When you return the data, keep every line exactly as it is and leave out the pictures.
━━ Data block ━━
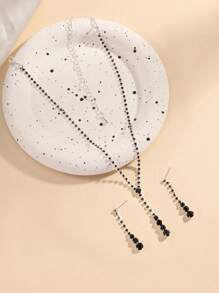 2 pièces Set de collier et boucles d'oreilles étincelants pour femmes, accessoires de bijoux de mariée élégants pour soirée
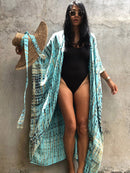 2022 Bikini Cover-ups Black Retro Striped Self Belted Women Summer Clothing Kimono Dress Beach Wear Swim Suit Cover Up Q1225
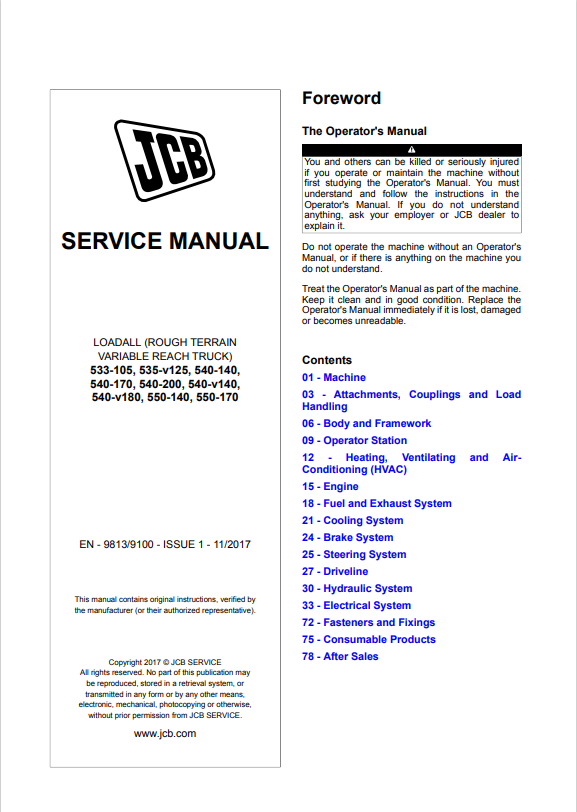 JCB Loadall 533-105, 535-v125, 540-140, 540-170, 540-200, 540-v140, 540-v180, 550-140, 550-170 Service Manual 9813/9100 PDF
━━━
* [Result below]:
 2 pièces Set de collier et boucles d'oreilles étincelants pour femmes, accessoires de bijoux de mariée élégants pour soirée
 2022 Bikini Cover-ups Black Retro Striped Self Belted Women Summer Clothing Kimono Dress Beach Wear Swim Suit Cover Up Q1225
 JCB Loadall 533-105, 535-v125, 540-140, 540-170, 540-200, 540-v140, 540-v180, 550-140, 550-170 Service Manual 9813/9100 PDF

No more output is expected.